Difference between function and distribution? I have constant function as $$y = exp(-x^2)$$ 
This also represent gaussian distribution with mean zero and variance of 0.5 Now if we take sample from this function, which will always be from this distribution.
Now, if we estimate the behaviour of this function by taking few sample from it and fit a curve. Then we generally say that this is function not a distribution.
Is this because of we are not considering mean and variance while estimating?
 A: Small corrections and notes: 


*

*y should be $\frac{1}{\sqrt{\pi}}exp(-x^2)$ to be a density function. This density, as you say, represents a Gaussian distribution with specific mean/variance.  

*Distribution function is referred as CDF, which is the integral of the density function.
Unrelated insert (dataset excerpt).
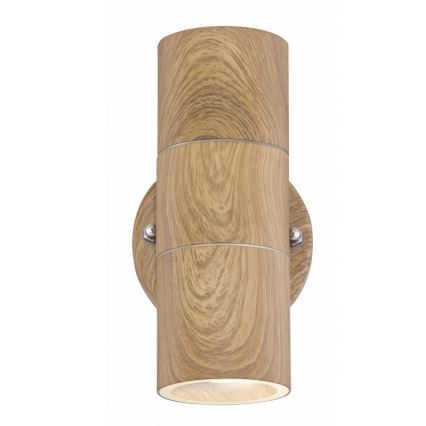Globo - Āra sienas gaismeklis 2xGU10/35W/230V IP44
Now, let's clear the ambiguity. Sampling from a function means calculating a couple of outputs given a couple of inputs, i.e. you'll have samples like $f(x_1),f(x_2)...,f(x_n)$ given $x_1,...,x_n$. You can fit a curve to these samples and say that this is a function, yes. This is like sampling a signal, and is unrelated to the sampling we do in probabilistic framework. 
When you create samples from distributions, you create random numbers whose histogram resembles the density function they're sampled from. This random number creation (sampling) process is often tedious. A common approach is Inverse Transform Sampling, which is first creating a uniform RV $u$ (between 0,1), which is another problem, and applying $F^{-1}(u)$, where $F(x)$ is CDF of the random variable we're interested in. For creating Gauss RV, there is Box-Muller method.
To sum up, sampling from a distribution is like making up a histogram, other than plotting $y$ curve.